The company’s asset operations involve key regions such as Beijing-Tianjin-Hebei, Yangtze River Delta, Chengdu-Chongqing, and Greater Bay Area, focusing on transportation hubs, municipal supporting facilities, and high-value commercial and office properties. These assets often require certain franchise rights for operation, which creates high entry barriers and exclusivity.

Currently, the company controls 20% of the million-level passenger flow airport parking buildings (including Beijing Capital Airport, Guangzhou Baiyun Airport, Xi’an Xianyang Airport T5, etc.), with a customer renewal rate exceeding 95%. This business provides the company with very stable cash flow.

The company is gradually shifting from heavy assets to light assets, transitioning from parking lot property investments to REITs investments. It also has significant investments in the robotics field. Given the current popularity of robotics, asset circulation has certain potential.

【Industry Observation】

Mass production in the general robotics field may trigger increased demand for laser radar.

(1) Robotaxi: Resonance between China and the U.S. industry. Policies like the U.S. SELF-DRIVE Act promote the mass production of Tesla Cybercabs. Leading Chinese companies like Xiaoma Zhixing and Didi have significantly reduced the cost of pre-installed vehicles, expanding fleet sizes toward thousands or even tens of thousands.

(2) Unmanned logistics: Companies like New Stone Age and Jiushi Intelligent have fleet sizes exceeding ten thousand units, with related policies gradually advancing.

(3) Garden robots: Laser radar solutions address pain points of traditional RTK and visual solutions in complex gardens. Leading laser radar companies have signed annual orders of tens of thousands of units.

(4) Humanoid robots: Yushu Technology showcased the G1 and H2 robots equipped with Hesai Technology’s T-series laser radar at the Spring Festival Gala. Top laser radar companies have already established cooperation with leading robot companies like Yushu Technology, Galaxy General, and Zhiyuan.

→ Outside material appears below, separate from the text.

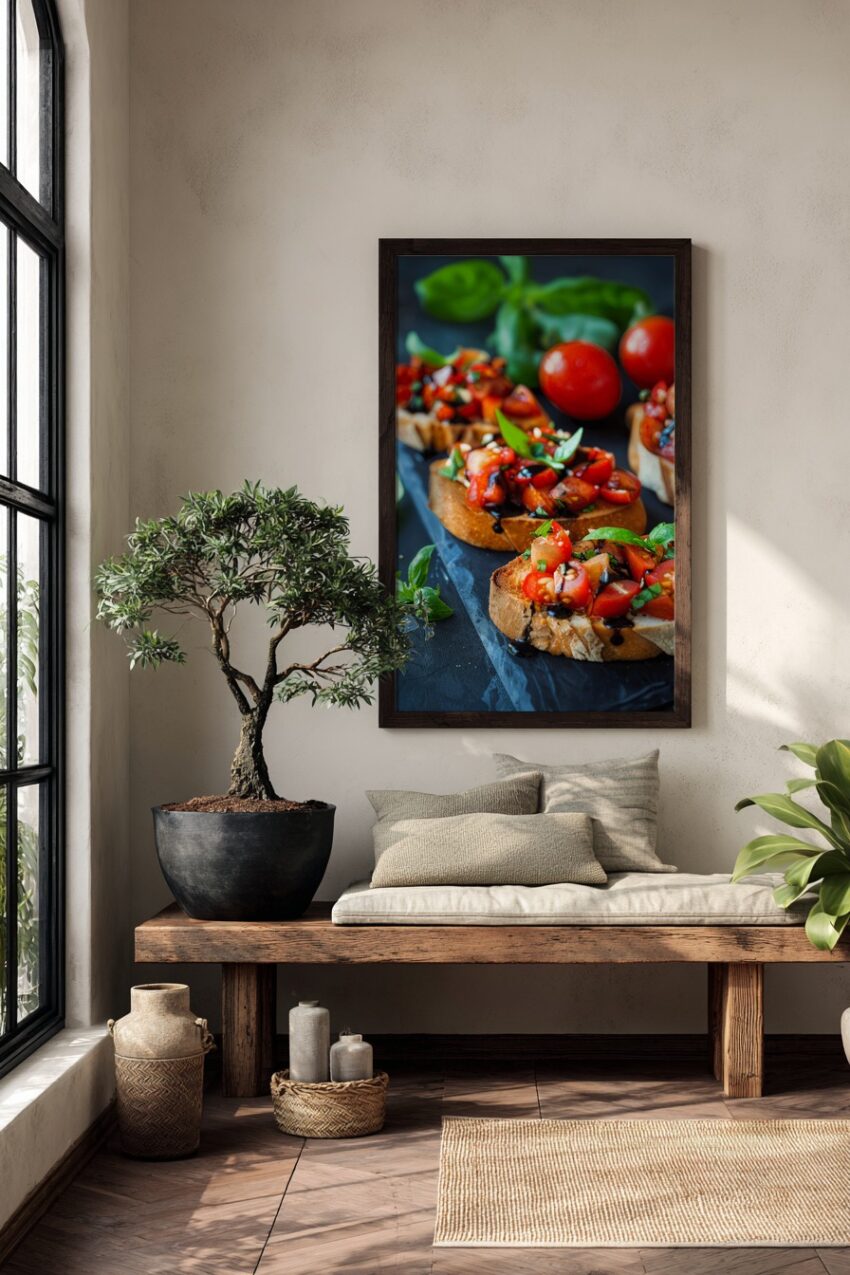 Fotografie Poster Bruschetta Tomaten frisch rot grün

The era of thousand-yuan machines begins, with L3 gradually being implemented. As the industry chain matures and prices rapidly decline, by 2025, the industry will have entered the “thousand-yuan machine” era, with configurations penetrating from high-end to mid- and low-end markets. The subsequent deployment of L3 is expected to further increase the value per vehicle of laser radar. Guolian Securities estimates that, under optimistic scenarios, China’s ADAS laser radar market could reach 36 billion yuan by 2028. The industry exhibits a significant Matthew effect, with Hesai Technology, Suteng Juchuang, and Huawei dominating the market. It is recommended to focus on leading companies with mass production and delivery barriers, strong cost control, and early profitability turning points, such as Hesai Technology (02525) and Suteng Juchuang (02498).

【Data Market Watch】

HKEX data shows that the Hang Seng Futures (February) open interest is 116,021 contracts, with a net open interest of 46,600 contracts. The settlement date for Hang Seng Futures is February 26, 2026. The futures will settle this cycle.

The Hang Seng Index is at 26,413 points, with a dense area of bearish warrants below, gradually approaching the midline, indicating a downward tendency. As annual reports are gradually released and U.S. tariff policies remain unstable, the Hang Seng Index is expected to be bearish this week.

【Chief Editor’s Remarks】

The first trading day of the Year of the Horse did not follow the usual long holiday rally pattern, with the Hang Seng Tech Index dropping nearly 3%, giving the market a cold shower. This decline is not accidental, involving both long-term logical restructuring—platform economy profit boundaries being reshaped, Hang Seng Tech constituent stocks mainly on the application side with persistent shortcomings in core underlying technology—and short-term external shocks, such as fluctuating U.S. tariff policies, escalating geopolitical conflicts, and divergence in U.S. AI stocks. Currently, Hong Kong stocks show a dichotomy: traditional internet giants remain under pressure, while pure AI new stocks are showing independent trends. In the short term, market sentiment still faces pressure, but long-term opportunities will ultimately depend on technological breakthroughs and alignment with the era’s trends.